Last quarter, Office 365 Home and Personal subscriptions increased 25% sequentially, to 7 million. Since introducing Office for iPad, Home and Personal subscribers have increased by more than 50% in just more than six months.

But the opportunity for Microsoft is much bigger. Microsoft says Office has 1 billion users worldwide, including consumers and businesses. The end goal for Microsoft is to transition all of those users to Office 365 subscribers.

Last year, after Office revenue declined with the introduction of Office 365, Microsoft CFO Amy Hood noted her belief that the lifetime value of an Office 365 subscriber is much greater than a user who purchases the software suite. As a whole, Microsoft's Office systems revenue increased 5.8% in fiscal 2014, indicating the transition is already working.
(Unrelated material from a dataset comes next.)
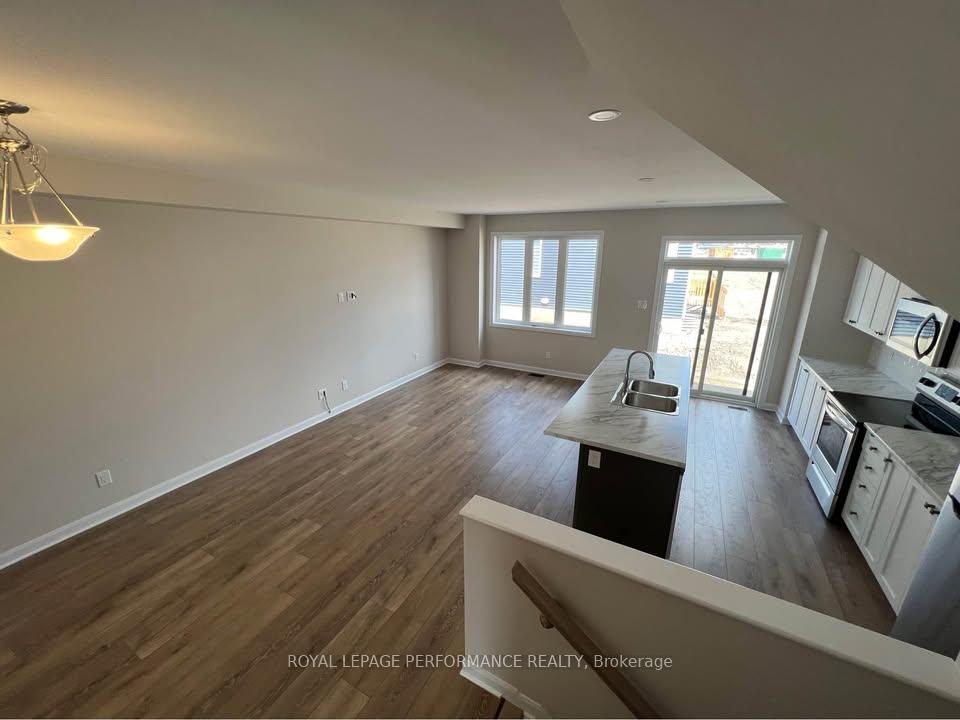 Photo 9 of 33 Watchim Street, Ottawa, Avalon East — HOMEH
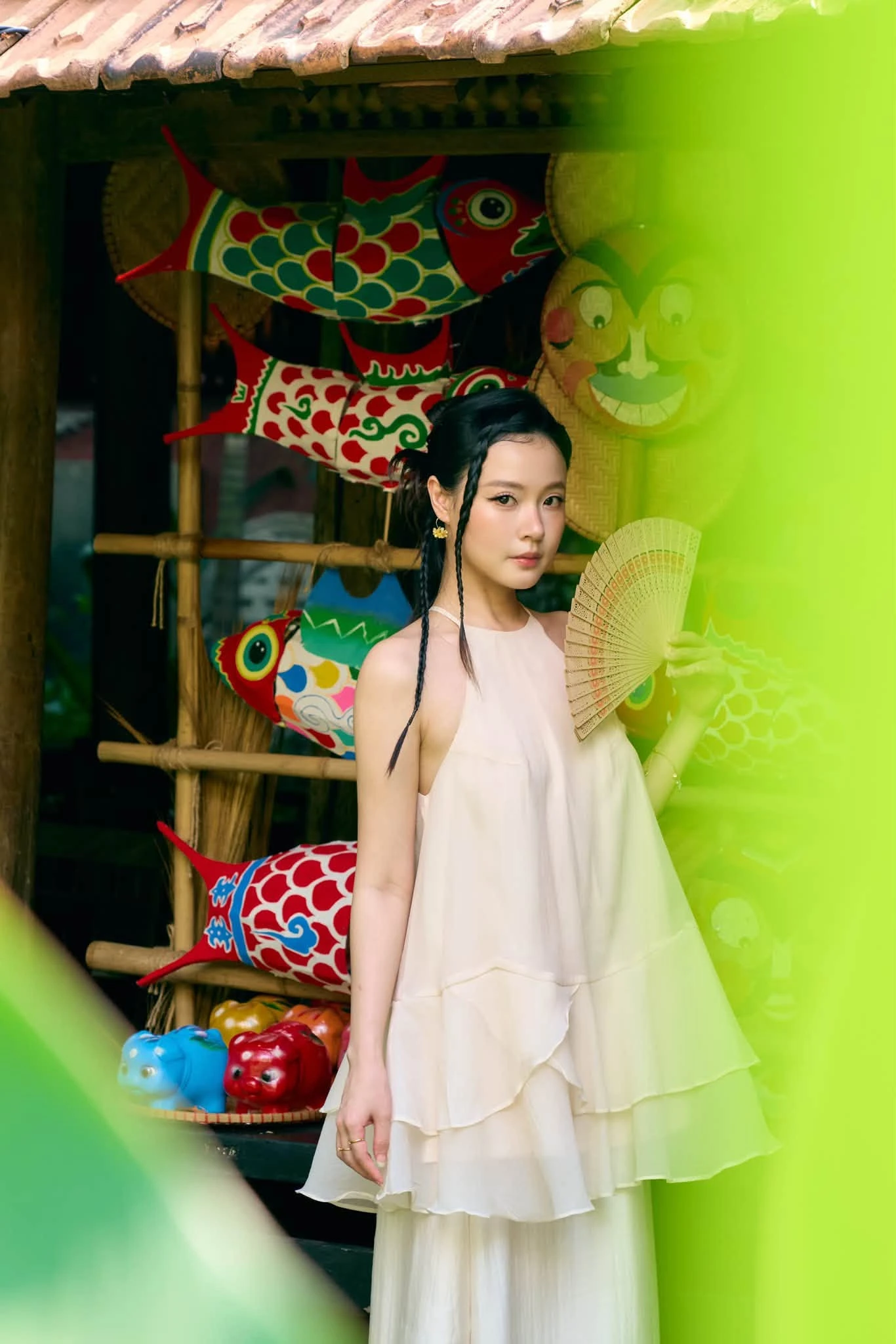 NSND Phạm Phương Thảo làm duyên trong vườn bưởi, Sơn Tuyền U70 chăm chạy bộ - Hình 8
Considering that Office accounts for 28% of Microsoft's total revenue, and it's one of its most successful products ever, the company should do everything it can to keep customers and transition them to Office 365. Meeting Office users where they already are -- i.e. Dropbox -- increases the odds to transition Office users -- some of whom may not have upgraded for years -- to Office 365 subscribers.

Businesses and now consumers
Microsoft is protecting its cash cow from all angles. Last week's announcement that Microsoft would provide unlimited storage for Office 365 subscribers was far more appealing to businesses than consumers. This week's announcement that Office 365 will work with Dropbox is very appealing to consumers.

Nadella stated upon taking over as CEO of Microsoft in February that his concentration will be on cloud and mobile. Office 365 -- and Office for iPad and Android by extension -- is one of the biggest pieces to Microsoft's cloud and mobile business, the future of Office, and Microsoft's biggest revenue generator. Therefore, Microsoft needs to do everything it can to maintain its position as the No. 1 productivity suite, and grow revenue.

The last two weeks have been very exciting for Office's prospects.